# Grand Bay WMA - need help



## Georgiaboy83 (Dec 20, 2007)

Anybody know anything about Grand Bay WMA, I have lived in valdosta my whole life and never new that they allowed duck hunting. Trying to find a place to start at, for scouting. Anybody know what kinda ducks come in there other than woodies. All help would be appriciated.

Thanks,
Jode


----------



## muddy_feet (Dec 20, 2007)

Place is thick......very thick.  Get a GPS.  I rode out there and saw where someone had been putting a boat in.  It's has some restrictions but I'm not sure about them.  Maybe Sat and Sun till lunch.  Don't know about a motor restriction but you need a mudmotor.  Looks good from the trails.  I'll PM you what I know.


----------



## beauluckie (Dec 20, 2007)

save your time!!!!  it is sad to me to see a DU emblem on an almost falling down sign.  I really wish that DU would put some effort into restoring this place.  The have the water control structures in place but when I called and asked about water or ducks they tell me it is dry.  For the last 3 years all I have heard from down there is that they are going to burn it off, which sounds good if someone would drain the water and strike a match.  I really hate to fuss about it but I believe it could be a good place for ducks.  I have hunted it a few times and you won't find a much prettier place around.  But it is so choked up that we have never seen many ducks.  If you talk to some old-timer's they will tell you that Grand Bay would hold some ducks and several species but not the way it looks now.  If you can't tell that place is sort of a soap box for me!  If I were DU, my name would not be associated with the place in the shape that is is now.


----------



## MustangMAtt30 (Dec 20, 2007)

beauluckie said:


> save your time!!!!  it is sad to me to see a DU emblem on an almost falling down sign.  I really wish that DU would put some effort into restoring this place.  The have the water control structures in place but when I called and asked about water or ducks they tell me it is dry.  For the last 3 years all I have heard from down there is that they are going to burn it off, which sounds good if someone would drain the water and strike a match.  I really hate to fuss about it but I believe it could be a good place for ducks.  I have hunted it a few times and you won't find a much prettier place around.  But it is so choked up that we have never seen many ducks.  If you talk to some old-timer's they will tell you that Grand Bay would hold some ducks and several species but not the way it looks now.  If you can't tell that place is sort of a soap box for me!  If I were DU, my name would not be associated with the place in the shape that is is now.



Well can the DU guys down there get mobilized and do something about it?  I was down there many years ago  and checked it out a little.  It looked like it had some great potential.


----------



## sdduckman (Dec 20, 2007)

*Stay Away*

I hunted down there a few years ago when water was not an issue and got run off by the locals.
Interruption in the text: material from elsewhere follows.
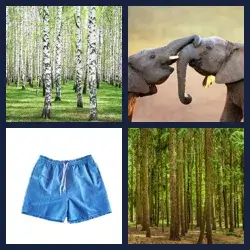 4 Pics 1 Word Level 3812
They very heavily corned every where but their holes. We called DNR and they said no one was hunting over it. I did not understand why they corned everywhere since the ducks would go to the corn but they shot birds and we rode and poled around trying to find a place to hunt. And when DNR arrived they were so mad they ran over two of our LL Bean cork dekes. My hunting partner can verify this.


----------



## beauluckie (Dec 20, 2007)

I have had this conversation with the Regional Director of DU so he is aware of the problem.  As of a fix.... well, I'm not sure what to tell you on that point.  I agree with mustang matt though, it does appear to have some great potential.  It just needs a bunch of TLC!!!  I know that a group of local DU members would volunteer to help if some sort of initiative was started.


----------



## MustangMAtt30 (Dec 20, 2007)

What is wrong with the water levels?  Is it drought related?

I never hunted it just walked on some wooden dock trails into the swamp which I think are used by the birdwatcher bunch.


----------



## Georgiaboy83 (Dec 20, 2007)

Hey I would volunteer to help as much as possible. I live about 10 min's from the main gate. I would love to see that place produce some ducks, I was talking with a older fella the other day in my buddies hunting shop and he was telling me about the ducks they use to kill out of there. I would love to see it back the way it use to be, although it might never make it back to that point but I would love to give it a shot.

My normal hunting spot has dried due to drought so I have no other choice than to try some where like Grand Bay, I have asked if someone one take me along, or even trade a hunt. But I only had one reply and I plan on taking him up on the offer, but it is about 3 hours from my house. I would like to find a duck hunting buddy near home if any of you are interested pm me. I am in dier need to wack some ducks, I need to wax some ducks!!!


----------



## GeorgeWBush (Dec 20, 2007)

Sent you a PM.


----------



## Gaducker (Jun 17, 2022)

Any yall still here?


----------